While Georgina talked to the children, Lettie pulled me aside. “
Before I took the children to the ICU, I worked with the staff down there to rearrange the equipment around Lindsey and hide some of it under the bed. All the kids saw was the breathing apparatus.” She put the back of her hand up to the side of her mouth and added, “I also brushed her hair and added some blusher to her cheeks.”
“They let you do that?”
“I explained how important it was.”
CHAPTER SEVENTEEN
* * *
On the taxi ride back to town, I reviewed the events of the last few hours in my mind. When Lettie said the children would be well cared for by Lindsey’s neighbors, I felt relieved because I needed the evening to follow up on questions that the day’s events had brought up. Why was Mignon still here? If the Grey Lady was actually Bumps McAlister, wife of the owner of The Green Man, did that mean Mignon and Bram were also in on the stunt? What about my second sighting of the Grey Lady? Was it Bumps again? This was probably not important, so I reminded myself to stick to the important matters, the death of Bram Fitzwaring and the shooting of Lindsey Scoggin.

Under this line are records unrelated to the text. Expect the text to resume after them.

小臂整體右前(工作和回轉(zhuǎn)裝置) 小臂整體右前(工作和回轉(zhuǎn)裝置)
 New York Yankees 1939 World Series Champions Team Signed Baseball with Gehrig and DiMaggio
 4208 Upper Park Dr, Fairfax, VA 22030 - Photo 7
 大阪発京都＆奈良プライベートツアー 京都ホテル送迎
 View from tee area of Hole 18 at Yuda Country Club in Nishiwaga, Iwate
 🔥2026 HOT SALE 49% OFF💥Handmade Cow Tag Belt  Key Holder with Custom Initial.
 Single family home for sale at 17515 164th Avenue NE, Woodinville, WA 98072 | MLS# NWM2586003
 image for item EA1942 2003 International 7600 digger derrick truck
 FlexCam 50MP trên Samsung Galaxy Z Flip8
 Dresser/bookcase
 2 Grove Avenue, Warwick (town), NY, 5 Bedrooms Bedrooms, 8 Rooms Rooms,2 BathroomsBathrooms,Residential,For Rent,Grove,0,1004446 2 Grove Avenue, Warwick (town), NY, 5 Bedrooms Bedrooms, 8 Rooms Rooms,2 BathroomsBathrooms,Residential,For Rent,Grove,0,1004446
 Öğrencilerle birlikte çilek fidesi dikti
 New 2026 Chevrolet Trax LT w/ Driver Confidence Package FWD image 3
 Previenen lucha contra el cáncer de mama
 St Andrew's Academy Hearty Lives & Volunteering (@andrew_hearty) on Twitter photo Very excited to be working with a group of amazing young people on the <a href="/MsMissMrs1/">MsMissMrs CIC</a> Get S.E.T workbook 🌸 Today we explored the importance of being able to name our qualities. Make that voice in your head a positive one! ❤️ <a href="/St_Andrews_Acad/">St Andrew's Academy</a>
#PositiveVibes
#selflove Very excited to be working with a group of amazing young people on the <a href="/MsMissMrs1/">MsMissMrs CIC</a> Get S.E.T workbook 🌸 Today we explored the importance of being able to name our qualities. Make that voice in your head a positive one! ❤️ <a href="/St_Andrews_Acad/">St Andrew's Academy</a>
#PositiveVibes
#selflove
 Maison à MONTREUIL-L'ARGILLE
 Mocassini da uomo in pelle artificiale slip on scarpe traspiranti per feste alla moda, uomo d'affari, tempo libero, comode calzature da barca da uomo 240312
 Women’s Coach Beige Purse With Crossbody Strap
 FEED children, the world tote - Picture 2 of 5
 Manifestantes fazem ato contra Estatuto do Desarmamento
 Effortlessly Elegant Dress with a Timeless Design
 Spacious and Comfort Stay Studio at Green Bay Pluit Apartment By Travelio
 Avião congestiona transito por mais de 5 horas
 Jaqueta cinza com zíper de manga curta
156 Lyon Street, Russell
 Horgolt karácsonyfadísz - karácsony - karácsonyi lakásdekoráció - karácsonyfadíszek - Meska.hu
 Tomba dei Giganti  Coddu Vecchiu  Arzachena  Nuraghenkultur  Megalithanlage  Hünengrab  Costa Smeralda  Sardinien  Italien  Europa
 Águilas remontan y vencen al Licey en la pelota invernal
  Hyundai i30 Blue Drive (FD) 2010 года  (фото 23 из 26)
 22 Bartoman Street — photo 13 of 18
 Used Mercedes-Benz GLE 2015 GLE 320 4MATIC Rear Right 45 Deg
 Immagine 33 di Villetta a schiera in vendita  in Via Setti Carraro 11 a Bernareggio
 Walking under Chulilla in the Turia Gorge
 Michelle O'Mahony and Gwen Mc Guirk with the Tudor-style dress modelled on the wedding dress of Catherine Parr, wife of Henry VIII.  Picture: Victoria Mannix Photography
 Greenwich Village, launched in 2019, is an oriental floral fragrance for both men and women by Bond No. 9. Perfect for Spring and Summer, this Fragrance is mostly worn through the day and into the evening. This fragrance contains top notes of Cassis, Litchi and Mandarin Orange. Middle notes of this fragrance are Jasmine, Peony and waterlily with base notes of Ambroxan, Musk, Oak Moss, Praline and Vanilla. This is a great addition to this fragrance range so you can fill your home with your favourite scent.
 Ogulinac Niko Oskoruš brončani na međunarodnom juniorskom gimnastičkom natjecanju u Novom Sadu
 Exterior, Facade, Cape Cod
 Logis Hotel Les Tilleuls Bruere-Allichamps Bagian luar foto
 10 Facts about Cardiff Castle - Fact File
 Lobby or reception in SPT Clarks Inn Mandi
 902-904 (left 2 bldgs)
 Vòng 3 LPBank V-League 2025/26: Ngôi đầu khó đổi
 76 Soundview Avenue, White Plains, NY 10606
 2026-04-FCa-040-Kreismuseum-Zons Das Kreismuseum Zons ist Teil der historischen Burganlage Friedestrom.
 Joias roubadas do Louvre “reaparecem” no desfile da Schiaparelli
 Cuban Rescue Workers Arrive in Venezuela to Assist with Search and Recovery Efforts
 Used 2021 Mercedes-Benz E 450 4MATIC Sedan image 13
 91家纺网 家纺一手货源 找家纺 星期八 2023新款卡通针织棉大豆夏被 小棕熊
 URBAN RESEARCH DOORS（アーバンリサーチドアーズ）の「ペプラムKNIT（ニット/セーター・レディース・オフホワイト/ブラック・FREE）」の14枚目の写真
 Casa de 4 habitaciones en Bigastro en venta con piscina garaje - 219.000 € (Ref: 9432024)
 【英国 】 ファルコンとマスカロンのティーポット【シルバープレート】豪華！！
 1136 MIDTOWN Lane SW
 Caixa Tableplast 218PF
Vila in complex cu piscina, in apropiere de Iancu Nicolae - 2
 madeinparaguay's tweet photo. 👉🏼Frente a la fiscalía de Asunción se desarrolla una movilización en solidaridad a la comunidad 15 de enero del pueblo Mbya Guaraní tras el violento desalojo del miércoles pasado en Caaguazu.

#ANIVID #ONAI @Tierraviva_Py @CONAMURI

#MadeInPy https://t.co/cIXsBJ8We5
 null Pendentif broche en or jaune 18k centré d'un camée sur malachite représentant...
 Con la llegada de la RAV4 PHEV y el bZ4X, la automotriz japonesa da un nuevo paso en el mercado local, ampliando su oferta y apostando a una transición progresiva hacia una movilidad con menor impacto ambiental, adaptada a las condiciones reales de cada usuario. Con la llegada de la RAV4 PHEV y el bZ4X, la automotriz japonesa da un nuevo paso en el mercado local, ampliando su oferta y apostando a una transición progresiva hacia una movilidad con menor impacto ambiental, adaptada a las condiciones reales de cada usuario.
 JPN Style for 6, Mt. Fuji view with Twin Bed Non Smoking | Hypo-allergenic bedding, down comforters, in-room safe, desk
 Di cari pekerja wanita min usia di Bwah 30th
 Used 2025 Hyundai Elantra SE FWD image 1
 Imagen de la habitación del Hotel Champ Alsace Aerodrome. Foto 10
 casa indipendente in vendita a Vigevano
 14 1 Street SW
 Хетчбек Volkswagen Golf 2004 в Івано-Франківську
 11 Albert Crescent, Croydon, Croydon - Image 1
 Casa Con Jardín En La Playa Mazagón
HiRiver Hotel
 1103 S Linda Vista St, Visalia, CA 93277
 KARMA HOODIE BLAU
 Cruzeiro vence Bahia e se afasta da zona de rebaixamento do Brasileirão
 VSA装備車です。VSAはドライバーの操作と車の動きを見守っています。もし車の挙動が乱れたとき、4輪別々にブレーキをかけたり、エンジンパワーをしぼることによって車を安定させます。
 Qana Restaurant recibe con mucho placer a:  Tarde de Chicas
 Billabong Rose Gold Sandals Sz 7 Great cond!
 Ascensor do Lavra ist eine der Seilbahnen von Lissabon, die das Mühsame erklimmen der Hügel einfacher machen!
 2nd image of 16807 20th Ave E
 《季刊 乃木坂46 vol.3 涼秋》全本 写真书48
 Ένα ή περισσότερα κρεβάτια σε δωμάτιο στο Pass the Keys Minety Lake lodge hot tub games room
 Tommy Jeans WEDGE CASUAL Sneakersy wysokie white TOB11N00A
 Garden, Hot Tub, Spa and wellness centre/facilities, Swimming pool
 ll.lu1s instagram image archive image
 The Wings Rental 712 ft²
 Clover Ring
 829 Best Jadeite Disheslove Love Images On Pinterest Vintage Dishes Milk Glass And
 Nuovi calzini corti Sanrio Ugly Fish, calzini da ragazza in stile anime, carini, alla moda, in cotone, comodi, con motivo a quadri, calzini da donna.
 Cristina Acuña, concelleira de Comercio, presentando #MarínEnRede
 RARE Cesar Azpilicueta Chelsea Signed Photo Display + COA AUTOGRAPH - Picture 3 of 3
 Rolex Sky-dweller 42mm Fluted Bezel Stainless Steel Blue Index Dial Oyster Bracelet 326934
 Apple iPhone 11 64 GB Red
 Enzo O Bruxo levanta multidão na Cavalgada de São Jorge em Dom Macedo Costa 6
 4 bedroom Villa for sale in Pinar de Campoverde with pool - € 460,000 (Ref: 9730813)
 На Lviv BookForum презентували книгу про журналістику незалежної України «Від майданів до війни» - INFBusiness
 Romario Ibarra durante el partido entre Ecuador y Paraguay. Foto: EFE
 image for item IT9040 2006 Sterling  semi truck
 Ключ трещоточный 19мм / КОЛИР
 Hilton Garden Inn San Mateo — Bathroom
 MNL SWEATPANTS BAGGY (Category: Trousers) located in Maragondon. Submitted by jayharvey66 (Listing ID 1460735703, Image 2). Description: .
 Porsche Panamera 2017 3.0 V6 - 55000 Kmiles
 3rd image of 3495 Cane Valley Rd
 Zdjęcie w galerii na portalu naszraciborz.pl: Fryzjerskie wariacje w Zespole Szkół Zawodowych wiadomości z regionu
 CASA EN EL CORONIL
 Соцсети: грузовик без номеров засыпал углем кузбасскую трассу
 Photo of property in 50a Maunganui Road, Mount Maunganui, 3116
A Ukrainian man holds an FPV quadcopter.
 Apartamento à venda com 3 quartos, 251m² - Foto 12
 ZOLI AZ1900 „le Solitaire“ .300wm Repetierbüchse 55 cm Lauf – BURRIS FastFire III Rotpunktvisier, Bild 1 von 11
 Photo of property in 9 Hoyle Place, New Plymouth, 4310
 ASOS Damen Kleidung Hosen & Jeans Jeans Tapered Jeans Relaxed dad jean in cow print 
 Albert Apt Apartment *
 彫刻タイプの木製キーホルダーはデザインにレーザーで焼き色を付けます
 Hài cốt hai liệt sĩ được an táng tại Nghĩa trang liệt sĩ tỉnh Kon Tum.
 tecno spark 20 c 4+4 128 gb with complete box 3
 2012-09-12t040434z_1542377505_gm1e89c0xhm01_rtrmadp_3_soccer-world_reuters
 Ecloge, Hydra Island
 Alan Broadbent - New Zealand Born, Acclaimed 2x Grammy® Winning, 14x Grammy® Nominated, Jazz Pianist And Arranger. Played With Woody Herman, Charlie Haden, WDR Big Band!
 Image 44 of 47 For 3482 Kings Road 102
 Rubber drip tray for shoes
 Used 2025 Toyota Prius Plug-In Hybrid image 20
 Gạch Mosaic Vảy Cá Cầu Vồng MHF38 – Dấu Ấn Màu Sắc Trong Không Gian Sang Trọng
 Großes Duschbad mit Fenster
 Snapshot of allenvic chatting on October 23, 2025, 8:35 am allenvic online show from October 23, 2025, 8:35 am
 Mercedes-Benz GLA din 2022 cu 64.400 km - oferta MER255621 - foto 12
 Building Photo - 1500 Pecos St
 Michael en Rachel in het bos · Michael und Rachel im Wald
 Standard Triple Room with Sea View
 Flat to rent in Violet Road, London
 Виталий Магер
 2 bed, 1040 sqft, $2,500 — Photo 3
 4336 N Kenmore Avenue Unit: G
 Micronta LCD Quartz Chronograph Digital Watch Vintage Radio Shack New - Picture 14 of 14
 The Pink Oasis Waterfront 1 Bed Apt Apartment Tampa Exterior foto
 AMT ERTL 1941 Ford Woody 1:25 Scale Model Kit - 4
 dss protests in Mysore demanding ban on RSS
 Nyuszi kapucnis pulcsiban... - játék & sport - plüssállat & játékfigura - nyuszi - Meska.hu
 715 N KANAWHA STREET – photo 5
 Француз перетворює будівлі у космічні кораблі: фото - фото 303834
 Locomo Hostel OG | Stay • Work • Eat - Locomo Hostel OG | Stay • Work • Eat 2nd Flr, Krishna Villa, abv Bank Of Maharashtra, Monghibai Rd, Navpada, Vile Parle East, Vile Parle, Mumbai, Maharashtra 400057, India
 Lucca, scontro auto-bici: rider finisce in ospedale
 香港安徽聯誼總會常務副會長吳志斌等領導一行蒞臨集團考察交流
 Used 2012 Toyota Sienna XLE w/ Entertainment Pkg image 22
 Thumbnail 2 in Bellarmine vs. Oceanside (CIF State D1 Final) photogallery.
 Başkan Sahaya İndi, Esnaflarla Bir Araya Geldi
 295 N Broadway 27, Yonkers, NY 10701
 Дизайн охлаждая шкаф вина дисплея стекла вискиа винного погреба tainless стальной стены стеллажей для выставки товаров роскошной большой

Were the two related? I couldn’t see how, but I knew they were. The connections were tenuous at best. Shellfish, poison, Staircase Thirteen. Shellfish in Dr. Bell’s lab and shellfish served at the cocktail party. Lindsey’s mother and Fitzwaring both staying on Staircase Thirteen. Fitzwaring, a participant in a study conducted by a man who lives only yards from Staircase Thirteen and has a lab only feet from Dr. Bell’s lab where saxitoxin, potent shellfish poison, is stored in quantity. None of this connected up but somehow, taken all together, there were too many threads not to indicate some sort of cloth.
I knew Lettie had my cell phone number, but I drew my phone from my purse and called her to make certain. The children were settled in for the night, and a neighbor they trusted was with them. Lettie was just climbing into Lindsey’s rental car to return to the hospital when she answered my call. Remembering Lettie’s poor driving record in countries where they drive on the left side of the road, I cautioned her. We’d had a wreck at a roundabout in Scotland that resulted in Lettie driving a pencil through the roof of her mouth.